In [None]:
from src.data.data import *
from src.embedor import *
from src.plotting import *
import pandas as pd
# from sklearn_extra.cluster import KMedoids
from sklearn.cluster import HDBSCAN
import seaborn as sns
sns.set_theme()
%load_ext autoreload

In [None]:
# concentric circles
%autoreload 2
n_points = 2500
noise = 0.1
noise_thresh = None
return_dict = concentric_circles(n_points=n_points, factor=0.4, noise=noise, noise_thresh=noise_thresh)
labels = return_dict['cluster']

In [None]:
%autoreload 2
# embedor apsp
embedor = EmbedOR()
emb = embedor.fit_transform(return_dict['data'])

In [None]:
# isomap apsp
A_euc = nx.to_numpy_array(embedor.G, weight='weight')
apsp_euc = scipy.sparse.csgraph.shortest_path(A_euc, unweighted=False, directed=False)

In [None]:
# diffusion distance
from pydiffmap import diffusion_map as dm
# dmap = dm.DiffusionMap.from_sklearn(n_evecs=10)
def diffusion_transition_matrix(W, epsilon):
    """
    Compute the transition matrix for diffusion maps from a weighted adjacency matrix.

    Parameters:
        W (numpy.ndarray): Weighted adjacency matrix (NxN).

    Returns:
        numpy.ndarray: Transition matrix (NxN).
    """
    # symmetrize the matrix
    W = (W + W.T) / 2
    edge_mask = W > 0
    # convert to affinity matrix
    W = np.exp(-W**2 / epsilon)
    W[~edge_mask] = 0  # Set non-edges to zero
    D = np.sum(W, axis=1)  # Compute the degree vector
    D_inv = np.diag(1.0 / D)  # Compute D^(-1)
    
    return D_inv @ W  # Compute P = D^(-1) W

transition_mat = diffusion_transition_matrix(A_euc, epsilon=0.8)
assert np.allclose(np.sum(transition_mat, axis=1), 1), "Transition matrix rows do not sum to 1."
ts = [10, 20, 40]
transition_mat_list = [np.linalg.matrix_power(transition_mat, t) for t in ts]
# compute pairwise distance by taking euclidean distance of columns
from sklearn.metrics import pairwise_distances
diff_dists = [pairwise_distances(transition_mat, transition_mat)**2 for transition_mat in transition_mat_list]

In [None]:
dbscan_ambient = HDBSCAN().fit(return_dict['data'])
dbscan_energy = HDBSCAN(metric='precomputed').fit(embedor.apsp_energy)
dbscan_euc = HDBSCAN(metric='precomputed').fit(apsp_euc)
dbscan_diff = HDBSCAN(metric='precomputed').fit(diff_dists[0])
dbscan_diff2 = HDBSCAN(metric='precomputed').fit(diff_dists[1])
dbscan_diff3 = HDBSCAN(metric='precomputed').fit(diff_dists[2])

In [None]:
# compute adjusted rand index
from sklearn.metrics import adjusted_rand_score
# adjusted rand index
ari_ambient = adjusted_rand_score(labels, dbscan_ambient.labels_)
ari_energy = adjusted_rand_score(labels, dbscan_energy.labels_)
ari_euc = adjusted_rand_score(labels, dbscan_euc.labels_)
ari_diff = adjusted_rand_score(labels, dbscan_diff.labels_)
ari_diff2 = adjusted_rand_score(labels, dbscan_diff2.labels_)
ari_diff3 = adjusted_rand_score(labels, dbscan_diff3.labels_)

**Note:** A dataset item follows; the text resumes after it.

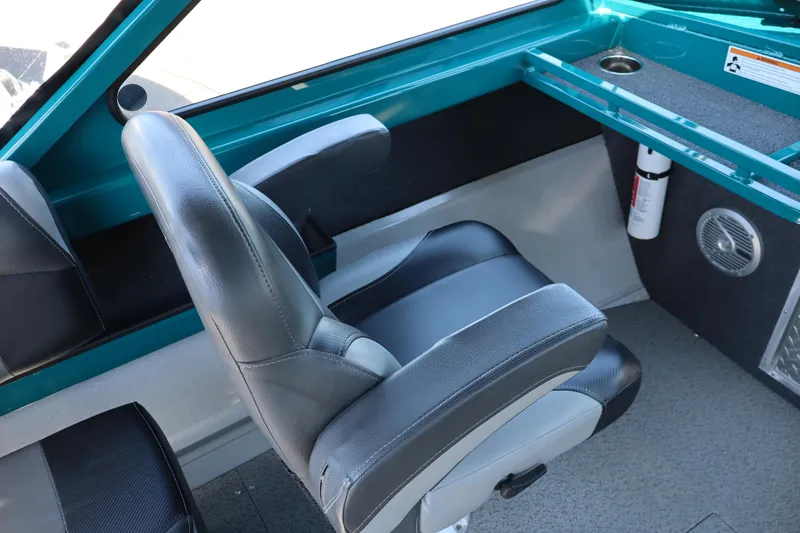 Slide: The Image of Interior of 2019 Northwest 208 SeaStar boat with gray seating and teal accents. - 12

print(f'Adjusted Rand Index (ambient): {ari_ambient}')
print(f'Adjusted Rand Index (energy): {ari_energy}')
print(f'Adjusted Rand Index (euclidean): {ari_euc}')
print(f'Adjusted Rand Index (diffusion, t={ts[0]}): {ari_diff}')
print(f'Adjusted Rand Index (diffusion, t={ts[1]}): {ari_diff2}')
print(f'Adjusted Rand Index (diffusion, t={ts[2]}): {ari_diff3}')


In [None]:
embedor.plot_spectral_init()

In [None]:
def energy_to_affinity(energy, sigma):
    affinity = np.exp(-sigma*energy**2)
    return affinity

apsp_energy = embedor.apsp_energy.copy()
apsp_affinities = energy_to_affinity(apsp_energy, 1)
plt.figure(figsize=(10, 10))
sns.heatmap(apsp_affinities, cmap='viridis', cbar=False, xticklabels=False, yticklabels=False)

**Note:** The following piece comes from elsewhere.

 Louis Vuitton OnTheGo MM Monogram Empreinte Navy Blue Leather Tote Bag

euc_affinities = energy_to_affinity(apsp_euc, 1)
# plot heatmap
plt.figure(figsize=(10, 10))
sns.heatmap(euc_affinities, cmap='viridis', cbar=False, xticklabels=False, yticklabels=False)

# plot heatmap
diff_affinities = energy_to_affinity(diff_dists[0], 1)
plt.figure(figsize=(10, 10))
sns.heatmap(diff_affinities, cmap='viridis', cbar=False, xticklabels=False, yticklabels=False)

# plot heatmap
diff_affinities2 = energy_to_affinity(diff_dists[1], 1)
plt.figure(figsize=(10, 10))
sns.heatmap(diff_affinities2, cmap='viridis', cbar=False, xticklabels=False, yticklabels=False)

# plot heatmap
diff_affinities3 = energy_to_affinity(diff_dists[2], 1)
plt.figure(figsize=(10, 10))
sns.heatmap(diff_affinities3, cmap='viridis', cbar=False, xticklabels=False, yticklabels=False)

In [None]:
%autoreload 2
n_points = 3000
noise = 0.5
noise_thresh = None
return_dict = torus(n_points=n_points, noise=noise, noise_thresh=noise_thresh, supersample=False, double=True)
labels = return_dict['cluster']
# sort by label
sort_idx = np.argsort(labels)
return_dict['data'] = return_dict['data'][sort_idx]
labels = labels[sort_idx]

In [None]:
%autoreload 2
# embedor apsp
embedor = EmbedOR()
emb = embedor.fit_transform(return_dict['data'])

In [None]:
# isomap apsp
A_euc = nx.to_numpy_array(embedor.G, weight='weight')
apsp_euc = scipy.sparse.csgraph.shortest_path(A_euc, unweighted=False, directed=False)

In [None]:

transition_mat = diffusion_transition_matrix(A_euc, epsilon=0.8)
assert np.allclose(np.sum(transition_mat, axis=1), 1), "Transition matrix rows do not sum to 1."
ts = [10, 20, 40]
transition_mat_list = [np.linalg.matrix_power(transition_mat, t) for t in ts]
# compute pairwise distance by taking euclidean distance of columns
from sklearn.metrics import pairwise_distances
diff_dists = [pairwise_distances(transition_mat, transition_mat)**2 for transition_mat in transition_mat_list]

In [None]:
dbscan_ambient = HDBSCAN().fit(return_dict['data'])
dbscan_energy = HDBSCAN(metric='precomputed').fit(embedor.apsp_energy)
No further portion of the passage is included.